Dataset entries:

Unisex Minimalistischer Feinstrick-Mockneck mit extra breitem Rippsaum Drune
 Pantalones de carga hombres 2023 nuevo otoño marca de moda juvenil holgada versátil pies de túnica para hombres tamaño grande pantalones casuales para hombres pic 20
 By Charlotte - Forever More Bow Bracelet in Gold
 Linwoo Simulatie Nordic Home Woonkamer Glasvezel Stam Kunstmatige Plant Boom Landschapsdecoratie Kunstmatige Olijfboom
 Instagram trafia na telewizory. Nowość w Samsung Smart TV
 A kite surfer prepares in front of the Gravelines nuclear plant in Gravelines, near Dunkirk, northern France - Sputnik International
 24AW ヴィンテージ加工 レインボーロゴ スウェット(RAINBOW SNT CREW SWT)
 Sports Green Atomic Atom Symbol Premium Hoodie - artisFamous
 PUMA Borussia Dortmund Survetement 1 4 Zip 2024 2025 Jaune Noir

What the task asks:
The whole listing above is to be transcribed exactly, line for line.

Exercise result:
Unisex Minimalistischer Feinstrick-Mockneck mit extra breitem Rippsaum Drune
 Pantalones de carga hombres 2023 nuevo otoño marca de moda juvenil holgada versátil pies de túnica para hombres tamaño grande pantalones casuales para hombres pic 20
 By Charlotte - Forever More Bow Bracelet in Gold
 Linwoo Simulatie Nordic Home Woonkamer Glasvezel Stam Kunstmatige Plant Boom Landschapsdecoratie Kunstmatige Olijfboom
 Instagram trafia na telewizory. Nowość w Samsung Smart TV
 A kite surfer prepares in front of the Gravelines nuclear plant in Gravelines, near Dunkirk, northern France - Sputnik International
 24AW ヴィンテージ加工 レインボーロゴ スウェット(RAINBOW SNT CREW SWT)
 Sports Green Atomic Atom Symbol Premium Hoodie - artisFamous
 PUMA Borussia Dortmund Survetement 1 4 Zip 2024 2025 Jaune Noir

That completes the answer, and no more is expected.